Lord Walker found the concept of a “single trust” for the benefit of all clients unconvincing support for the “claims basis” and rejected a purposive reading of CASS 7 as the CASS rules did not provide for failures to segregate as spectacular as in this instance.
Lord Hope was also unconvinced by the “single trust” argument holding that the client money pool consists of the aggregate of the segregated funds holding clients’ money immediately before the primary pooling event. Moreover, he contends that the relationship is a fiduciary one which would protect clients’ money until all obligations to them are discharged and thus the claims basis is incompatible.
Impact of the Case
- The complexities of the case and the implications of the judgment mean that the Special Administrators may well have to return to the first instance court, to which the Lehman administration is assigned, for further directions. Until such directions are received, the full implications will not be clear.
The Special Administrators for MF Global have commented that the decision means that the distribution of MF Global’s assets will likely take longer as they will need to:
- conduct a detailed and thorough regulatory and legal analysis of each client’s position, to establish if they may have a contractual entitlement to client money and so should have a segregated client money claim: the result of this analysis is likely to increase the number of claimants to the client money pool and so dilute the distribution between them; and
- conduct a forensic analysis into MF Global UK’s own bank accounts and potentially extend this to other assets acquired by the firm using funds from those accounts: the result of this analysis may increase the size of the client money pool and as a consequence there may be a decrease in the size of the general asset pool available for unsecured creditors which may, however, be compensated to some extent by the decrease in number of the unsecured creditors.
- The Supreme Court Justices identified a limitation in the scope of CASS (and by the same token the Directive) and in particular CASS 7. Thus, it seems likely that there will be a review of the CASS rules.
The Supreme Court decision leaves a number of unanswered questions that may need to be the subject of a further application to the Court:
For example, there is an unanswered question in relation to Final Reconciliation – specifically, how is money that moves between the point of last segregation (“PLS”) and the Primary Pooling Event (“PPE”) to be treated?
Lord Hope and Lord Walker took the position that the administrators should reconcile between the PLS and the PPE. However, Lord Clark and Lord Dyson were of the view that the administrators should reconcile, but it should not be limited to the period between the PLS and PPE. This begs the questions, what are the limits to reconciliation? How far back do the administrators go?
Primary Pooling Event (“PPE”)
In this case, it was the moment that Lehman Brothers International (Europe) went in to administration at 7.56 BST on Monday 15 September 2008.
Client Money Pool (“CMP”)
This is the pool of segregated client money funds from which client money entitlements are paid after a primary pooling event occurs.
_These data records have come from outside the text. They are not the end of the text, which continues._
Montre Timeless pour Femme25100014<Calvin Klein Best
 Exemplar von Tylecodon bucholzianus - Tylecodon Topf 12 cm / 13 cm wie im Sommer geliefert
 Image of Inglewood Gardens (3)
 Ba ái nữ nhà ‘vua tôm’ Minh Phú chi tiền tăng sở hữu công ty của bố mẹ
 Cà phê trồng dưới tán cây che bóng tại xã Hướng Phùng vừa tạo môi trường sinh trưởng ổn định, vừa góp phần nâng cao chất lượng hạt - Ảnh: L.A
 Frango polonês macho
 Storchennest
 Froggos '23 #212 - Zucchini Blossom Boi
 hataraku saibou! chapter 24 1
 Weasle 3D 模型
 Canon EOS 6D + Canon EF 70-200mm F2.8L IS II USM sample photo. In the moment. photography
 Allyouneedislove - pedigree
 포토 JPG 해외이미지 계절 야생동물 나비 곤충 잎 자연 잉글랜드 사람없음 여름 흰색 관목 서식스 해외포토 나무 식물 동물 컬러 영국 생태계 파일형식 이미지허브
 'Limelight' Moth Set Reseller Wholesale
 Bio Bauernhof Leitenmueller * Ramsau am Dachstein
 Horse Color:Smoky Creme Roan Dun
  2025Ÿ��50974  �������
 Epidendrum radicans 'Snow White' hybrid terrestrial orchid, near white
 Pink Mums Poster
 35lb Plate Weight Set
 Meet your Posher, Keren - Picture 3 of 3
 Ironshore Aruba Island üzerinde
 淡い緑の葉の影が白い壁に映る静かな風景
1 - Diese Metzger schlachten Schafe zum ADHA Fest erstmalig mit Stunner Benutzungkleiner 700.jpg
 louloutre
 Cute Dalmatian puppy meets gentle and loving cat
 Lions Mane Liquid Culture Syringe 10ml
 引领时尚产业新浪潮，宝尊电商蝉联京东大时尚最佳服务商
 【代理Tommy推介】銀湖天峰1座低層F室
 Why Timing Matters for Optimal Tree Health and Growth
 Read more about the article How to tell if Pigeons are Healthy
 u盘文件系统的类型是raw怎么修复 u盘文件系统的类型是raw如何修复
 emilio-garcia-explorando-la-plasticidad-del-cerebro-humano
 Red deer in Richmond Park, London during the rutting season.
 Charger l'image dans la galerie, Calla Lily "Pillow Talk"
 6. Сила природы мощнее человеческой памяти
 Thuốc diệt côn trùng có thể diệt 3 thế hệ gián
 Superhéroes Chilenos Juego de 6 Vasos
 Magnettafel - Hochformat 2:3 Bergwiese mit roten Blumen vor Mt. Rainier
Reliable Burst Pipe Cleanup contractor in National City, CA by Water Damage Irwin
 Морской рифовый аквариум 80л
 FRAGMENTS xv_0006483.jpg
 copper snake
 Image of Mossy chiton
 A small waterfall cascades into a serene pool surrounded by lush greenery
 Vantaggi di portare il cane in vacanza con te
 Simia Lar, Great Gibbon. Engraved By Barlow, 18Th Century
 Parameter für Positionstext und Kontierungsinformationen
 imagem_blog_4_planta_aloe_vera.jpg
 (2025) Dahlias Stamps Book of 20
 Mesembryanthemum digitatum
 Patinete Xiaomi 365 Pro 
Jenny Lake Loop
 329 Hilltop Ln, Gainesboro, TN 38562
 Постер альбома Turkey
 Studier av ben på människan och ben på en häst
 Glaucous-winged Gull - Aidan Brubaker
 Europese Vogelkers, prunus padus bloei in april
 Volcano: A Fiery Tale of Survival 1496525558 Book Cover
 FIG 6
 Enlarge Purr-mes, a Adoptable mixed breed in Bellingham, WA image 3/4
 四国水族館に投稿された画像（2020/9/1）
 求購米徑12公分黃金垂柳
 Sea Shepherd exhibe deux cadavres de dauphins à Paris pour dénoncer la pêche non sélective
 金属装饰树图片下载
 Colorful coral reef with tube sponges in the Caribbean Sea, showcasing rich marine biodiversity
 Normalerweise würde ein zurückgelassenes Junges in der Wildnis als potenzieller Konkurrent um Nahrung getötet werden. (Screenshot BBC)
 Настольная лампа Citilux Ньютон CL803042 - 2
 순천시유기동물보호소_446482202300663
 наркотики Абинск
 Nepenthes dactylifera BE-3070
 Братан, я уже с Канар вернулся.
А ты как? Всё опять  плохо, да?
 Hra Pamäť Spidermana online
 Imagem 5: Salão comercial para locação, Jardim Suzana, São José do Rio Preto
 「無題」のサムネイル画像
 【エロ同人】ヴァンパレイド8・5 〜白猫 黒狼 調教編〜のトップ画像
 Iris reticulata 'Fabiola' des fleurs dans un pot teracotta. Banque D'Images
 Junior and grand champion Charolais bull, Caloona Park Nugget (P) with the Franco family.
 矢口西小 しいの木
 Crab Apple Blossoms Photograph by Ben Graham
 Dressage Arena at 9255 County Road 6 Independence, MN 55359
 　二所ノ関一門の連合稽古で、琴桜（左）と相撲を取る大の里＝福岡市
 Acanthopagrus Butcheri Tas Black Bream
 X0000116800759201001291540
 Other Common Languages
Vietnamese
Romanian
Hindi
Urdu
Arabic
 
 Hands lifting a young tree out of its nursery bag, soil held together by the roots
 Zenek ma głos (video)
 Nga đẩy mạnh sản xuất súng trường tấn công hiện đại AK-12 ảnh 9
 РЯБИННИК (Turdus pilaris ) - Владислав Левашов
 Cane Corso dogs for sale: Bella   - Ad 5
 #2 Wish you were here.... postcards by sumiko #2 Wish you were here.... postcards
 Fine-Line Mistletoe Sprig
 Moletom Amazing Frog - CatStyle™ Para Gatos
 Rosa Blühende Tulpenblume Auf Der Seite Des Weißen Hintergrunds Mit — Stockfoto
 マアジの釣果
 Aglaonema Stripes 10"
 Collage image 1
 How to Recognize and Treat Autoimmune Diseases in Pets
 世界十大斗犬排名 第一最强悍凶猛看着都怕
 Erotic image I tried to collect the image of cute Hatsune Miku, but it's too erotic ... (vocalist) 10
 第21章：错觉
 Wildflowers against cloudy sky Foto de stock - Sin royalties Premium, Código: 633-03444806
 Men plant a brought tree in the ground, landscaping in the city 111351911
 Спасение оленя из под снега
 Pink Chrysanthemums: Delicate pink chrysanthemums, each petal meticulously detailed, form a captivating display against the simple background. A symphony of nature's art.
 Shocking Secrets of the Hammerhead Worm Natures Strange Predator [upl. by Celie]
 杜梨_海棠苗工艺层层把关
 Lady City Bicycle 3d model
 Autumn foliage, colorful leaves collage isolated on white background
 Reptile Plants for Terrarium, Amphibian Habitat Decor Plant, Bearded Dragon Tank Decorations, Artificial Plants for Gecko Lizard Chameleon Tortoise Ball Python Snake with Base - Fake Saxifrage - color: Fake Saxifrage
Point of Last Segregation (“PLS”)
This was the last point, before the PPE, at which client money was segregated. In this case it was Friday 12 September 2008, reflecting the position at close of business on Thursday 11 September 2008.
The ‘Claims Basis’
The argument that all clients who have a contractual entitlement to have their money segregated as client money are entitled to participate in payments from the client money pool after a primary pooling event, whether or not their funds were segregated.
The ‘Contributions Basis’
The argument that only those clients who have had their client money actually segregated into a client trust account and, consequently, have contributed to the client money pool, are entitled to participate in payments from the client money pool.